# Client Retention Demo Using Python
In this demo, we will show Anaconda functionality accessing enterprise data from VSAM and DB2. The data stored in VSAM consists of 6,001 rows of customer information.  The data stored in DB2 consists of 20,000 rows of transaction data. The data is transformed and joined in a Pandas DataFrame, which is used to perform exploratory analyses. A random forest algorithm is then used to predict customer churn.

In [None]:
USERNAME="???????"
PASSWORD="????????"
MDSS_SSID="AZK1"
DB2_SSID="DBBG"

import pandas as pd
import numpy as np

import warnings
warnings.filterwarnings("ignore")
warnings.simplefilter("ignore", category=PendingDeprecationWarning)

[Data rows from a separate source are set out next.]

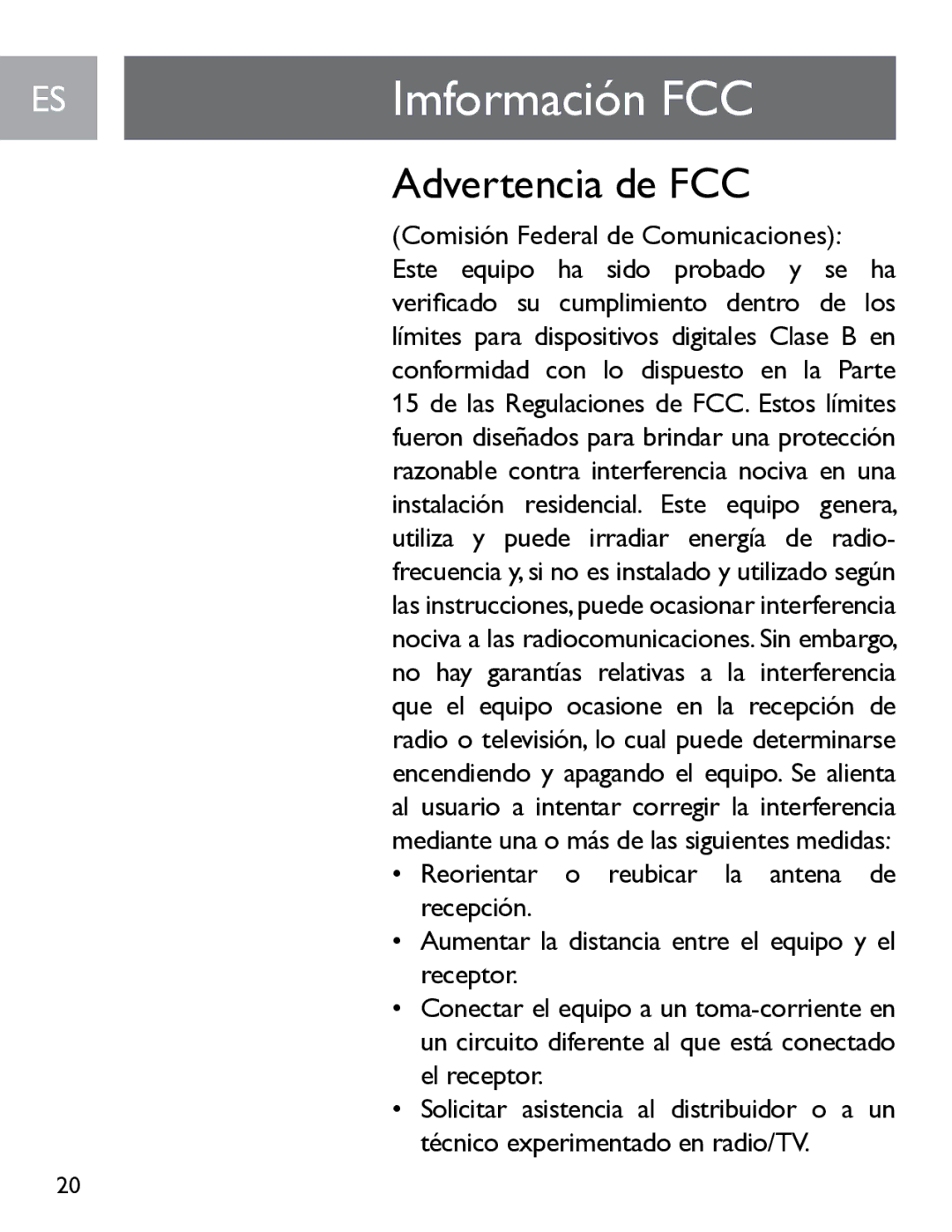 Philips SGP6031BB/27 user manual Imformación FCC, Advertencia de FCC 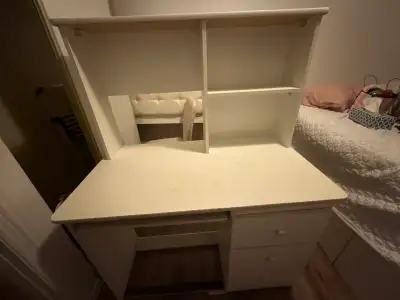 White Computer Desk with Hutch, View more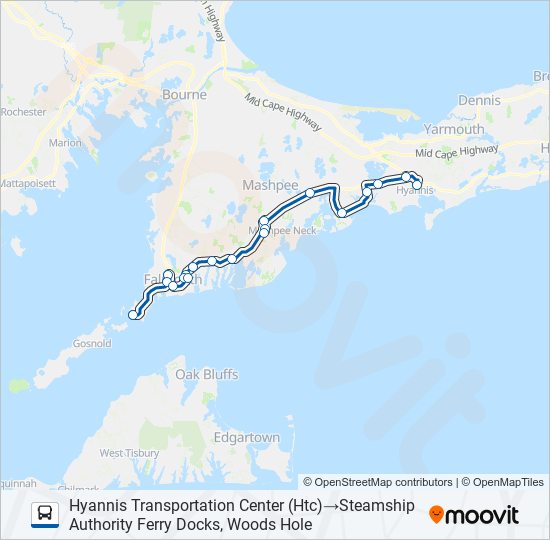 sealine hyannisfalmouthwoods hole Route Schedules, Stops & Maps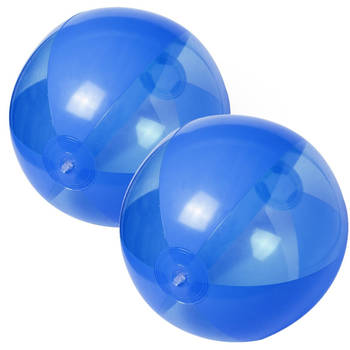 2x stuks opblaasbare strandballen plastic blauw 28 cm - Strandballen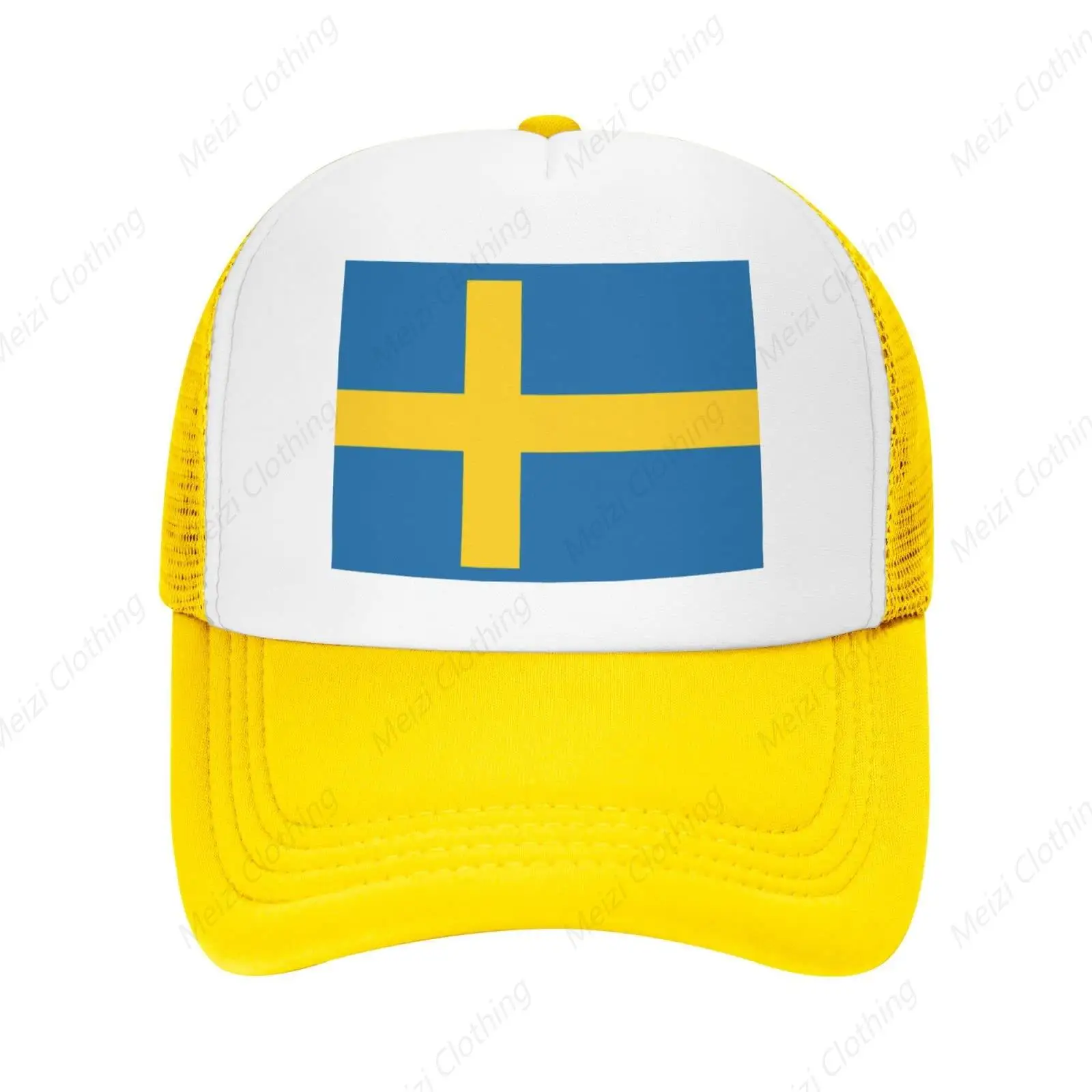 Swedish Flag Men's Breathable Mesh Outdoor Sports Truck Hat Gift Women's Boys' Baseball Hat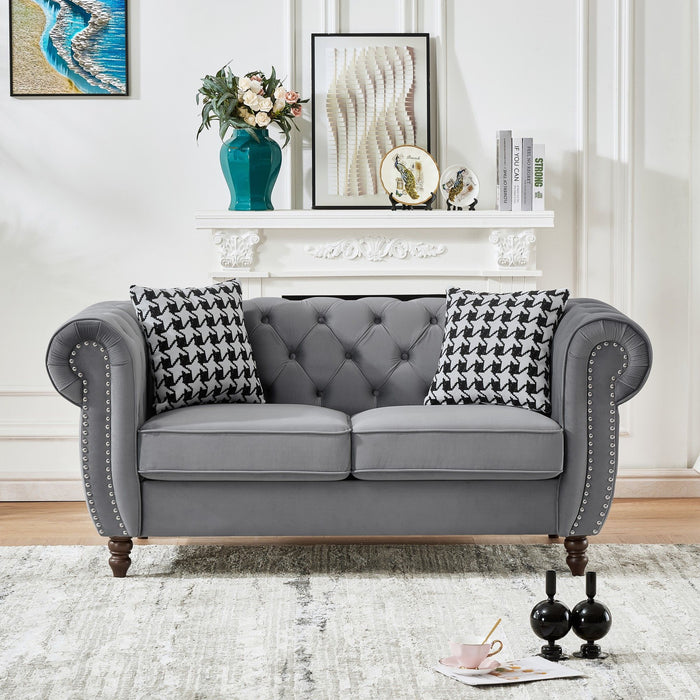 Chesterfield Velvet Upholstery Fabric Loveseat With Roll Armrest And Nailhead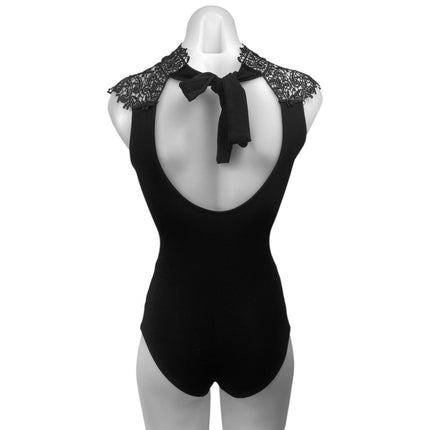 Kaitlyn Black Floral Lace Sleeveless High Neck Backless Bodysuit Tank Top Size S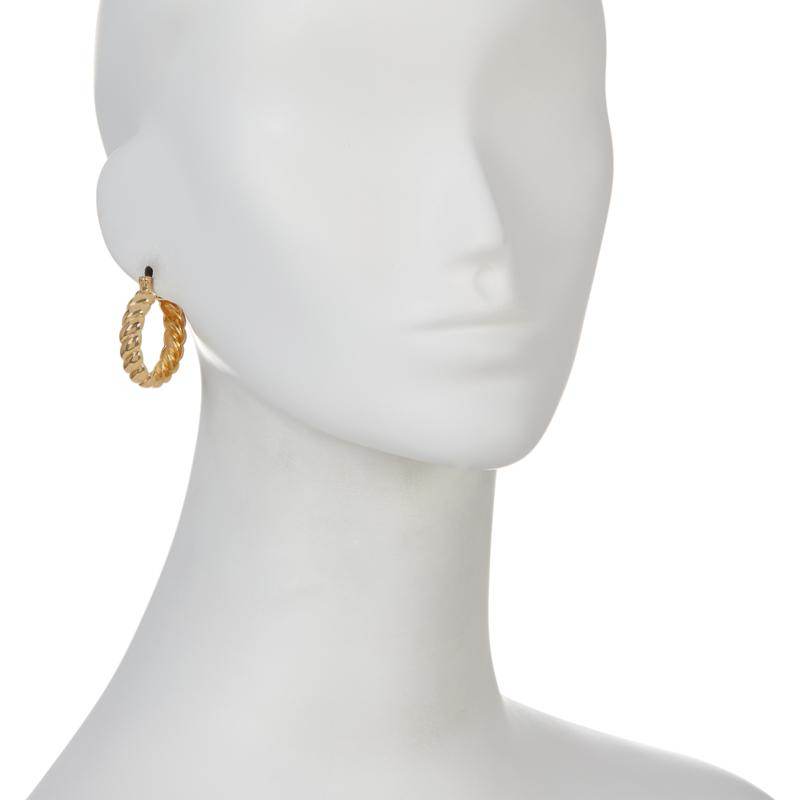 Rope Twist Hoop Earrings with Polished Finish - TurkishBling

## Set up Mainframe Data Connections
This step will set up the VSAM and DB2 connections to access the data and load them into Pandas DataFrames.  The dsdbc module is delivered with the z/OS IzODA Anaconda distribution. It enables Python applications to access the z/OS IzODA Mainframe Data Service. The Data Service component (MDS) provides optimized, virtualized, and parallelized access to both IBM Z data sources and other off-platform data sources.

In [None]:
def cp1047_to_utf8(list):
    list_out = []
    for e in list:
        x = ()
        for i in e:
            if isinstance(i, (str,)):
                s = i.encode('utf16').decode('cp1047').encode('utf8').decode('utf16')[2:]
                x = x + (s,)
            else:
                x = x + (i,)
        list_out.append(x)
    return list_out

def load_data_from_mds(vtable_name, user, password, mds_id=MDSS_SSID):
    import dsdbc
    conn =dsdbc.connect(SSID=mds_id, user=user, password=password)
    cursor = conn.cursor()
    cursor.execute("SELECT * FROM " + vtable_name)
    rows = cursor.fetchall()
    label = []
    for col in cursor.description: label.append(col[0].lower())
    conn.close()
    return pd.DataFrame(rows, columns=label)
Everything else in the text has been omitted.